Last night’s episode of Wednesday Night Rugby on Off The Ball was a dispiriting affair. The outstanding sports show has the best interviewer in Irish sport – Eoin McDevitt – in the chair, and answering the questions was the genteel, insightful and always balanced Keith Wood. And, eh, Gerry Thornley.
Gerry’s performance hit a new low ebb last night. There had been flickers of his old self during the summer tour, but last night stamped out any dying embers. He appeared positively affronted when McDevitt put it to him that the IRFU should be looking at lining up replacements now, rather than leaving it to nine months time.
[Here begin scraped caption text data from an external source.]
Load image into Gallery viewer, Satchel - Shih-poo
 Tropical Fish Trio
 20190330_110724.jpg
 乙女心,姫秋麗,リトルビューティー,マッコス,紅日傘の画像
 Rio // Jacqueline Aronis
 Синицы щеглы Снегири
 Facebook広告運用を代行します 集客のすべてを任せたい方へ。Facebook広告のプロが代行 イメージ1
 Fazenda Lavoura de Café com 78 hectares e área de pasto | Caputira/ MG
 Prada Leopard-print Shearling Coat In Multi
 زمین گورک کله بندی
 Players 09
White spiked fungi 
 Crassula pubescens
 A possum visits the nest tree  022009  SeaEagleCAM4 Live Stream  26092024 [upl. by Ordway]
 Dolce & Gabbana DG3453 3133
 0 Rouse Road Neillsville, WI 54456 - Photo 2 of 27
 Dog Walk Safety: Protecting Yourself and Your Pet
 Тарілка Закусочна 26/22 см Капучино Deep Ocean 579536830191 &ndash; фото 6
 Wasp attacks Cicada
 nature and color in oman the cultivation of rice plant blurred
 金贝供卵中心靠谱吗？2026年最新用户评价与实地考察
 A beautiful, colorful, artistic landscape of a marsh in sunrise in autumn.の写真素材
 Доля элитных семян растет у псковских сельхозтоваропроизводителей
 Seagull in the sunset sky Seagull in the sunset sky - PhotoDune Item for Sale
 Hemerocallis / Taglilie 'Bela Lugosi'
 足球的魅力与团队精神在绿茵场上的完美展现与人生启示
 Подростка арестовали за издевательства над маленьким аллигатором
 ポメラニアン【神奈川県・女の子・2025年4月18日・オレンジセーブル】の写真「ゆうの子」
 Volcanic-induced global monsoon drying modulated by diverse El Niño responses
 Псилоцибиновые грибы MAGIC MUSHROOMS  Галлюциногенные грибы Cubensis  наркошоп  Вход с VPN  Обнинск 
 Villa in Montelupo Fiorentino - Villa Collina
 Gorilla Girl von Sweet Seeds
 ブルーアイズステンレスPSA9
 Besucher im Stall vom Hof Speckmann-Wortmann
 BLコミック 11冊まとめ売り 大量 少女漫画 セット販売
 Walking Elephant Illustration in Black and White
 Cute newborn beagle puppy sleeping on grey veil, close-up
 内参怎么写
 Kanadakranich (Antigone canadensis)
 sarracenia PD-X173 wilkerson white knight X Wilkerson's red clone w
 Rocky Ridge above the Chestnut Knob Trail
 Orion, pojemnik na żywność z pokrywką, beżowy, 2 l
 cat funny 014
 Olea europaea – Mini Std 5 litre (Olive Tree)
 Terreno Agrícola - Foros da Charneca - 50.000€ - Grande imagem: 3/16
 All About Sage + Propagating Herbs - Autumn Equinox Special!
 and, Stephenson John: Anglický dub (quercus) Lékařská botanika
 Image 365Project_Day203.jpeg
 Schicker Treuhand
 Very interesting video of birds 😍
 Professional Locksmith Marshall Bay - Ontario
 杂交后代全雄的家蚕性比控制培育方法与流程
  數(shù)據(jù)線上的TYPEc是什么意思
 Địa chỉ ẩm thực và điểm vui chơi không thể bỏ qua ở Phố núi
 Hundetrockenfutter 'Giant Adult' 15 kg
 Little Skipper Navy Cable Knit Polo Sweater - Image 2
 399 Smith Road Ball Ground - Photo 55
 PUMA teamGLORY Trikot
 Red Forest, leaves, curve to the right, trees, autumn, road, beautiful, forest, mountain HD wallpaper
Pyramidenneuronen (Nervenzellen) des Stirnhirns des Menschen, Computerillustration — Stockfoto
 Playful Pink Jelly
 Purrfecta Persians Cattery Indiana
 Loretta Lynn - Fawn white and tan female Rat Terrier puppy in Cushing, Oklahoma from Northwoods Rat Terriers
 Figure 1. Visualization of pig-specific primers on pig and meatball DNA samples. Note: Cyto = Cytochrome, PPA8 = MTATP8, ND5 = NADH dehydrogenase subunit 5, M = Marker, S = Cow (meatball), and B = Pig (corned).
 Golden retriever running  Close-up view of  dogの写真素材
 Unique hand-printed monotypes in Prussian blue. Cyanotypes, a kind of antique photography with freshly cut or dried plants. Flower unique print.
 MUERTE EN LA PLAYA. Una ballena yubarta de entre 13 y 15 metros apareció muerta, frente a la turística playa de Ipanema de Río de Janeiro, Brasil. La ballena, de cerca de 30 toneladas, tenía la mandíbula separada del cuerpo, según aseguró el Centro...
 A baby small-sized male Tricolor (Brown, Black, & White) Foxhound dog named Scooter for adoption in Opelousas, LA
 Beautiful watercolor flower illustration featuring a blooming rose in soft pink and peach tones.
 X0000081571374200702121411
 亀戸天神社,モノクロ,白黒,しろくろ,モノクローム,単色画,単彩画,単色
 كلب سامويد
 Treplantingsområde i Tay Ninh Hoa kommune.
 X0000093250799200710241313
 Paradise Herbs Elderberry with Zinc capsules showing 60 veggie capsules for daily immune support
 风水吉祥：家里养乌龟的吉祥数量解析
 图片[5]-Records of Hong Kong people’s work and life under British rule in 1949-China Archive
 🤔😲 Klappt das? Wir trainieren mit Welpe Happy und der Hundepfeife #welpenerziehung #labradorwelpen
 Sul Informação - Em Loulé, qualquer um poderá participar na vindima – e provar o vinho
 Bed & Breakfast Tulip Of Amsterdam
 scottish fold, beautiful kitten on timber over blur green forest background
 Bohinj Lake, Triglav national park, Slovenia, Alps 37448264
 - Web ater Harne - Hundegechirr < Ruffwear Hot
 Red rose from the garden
He is only capable of seeing an upturn in Ireland’s fortunes, in spite of all evidence in front of him. When Brian O’Driscoll’s eye-opening quotation about not really knowing who’s in charge of Ireland’s attack was put to him, he simply ummed and aahed, leaving Keith Wood to point out that this was a proper criticism, indeed a shot across the bough.
Then the hand-picked, selective statistics came out. Ireland were top try scorers in the Six Nations! Our attack is fine! Yes, they were, but nine of the thirteen tries came in home games against Scotland and Italy. The more pertinent statistic is that Ireland won two out of five games and remain maddeningly inconsistent and reactive.
The lowest point came when Keith Wood suggested Ireland should bring in Joe Schmidt to offer a different voice and bring something new to Ireland’s attack. Thornley’s extraordinary response was that this would cut across Les Kiss. Apparently we should be more concerned about upsetting the ego of Ireland’s already overworked defence coach than getting the best possible coaches to work with. It’s hugely depressing that the leading rugby journalist in Ireland’s predominant rugby paper should be pussy-footing around the obvious issues like this. Nobody wants our journalists to become a ’head-on-a-plate’ raging mob, but asking the pertinent questions is the least we should expect.
WoC recalls a time when any Six Nations or Heineken Cup day began with reading Thornley’s previews in that day’s Times, be it on the couch or on the way to the ground. It’s a sad decline from a once great writer.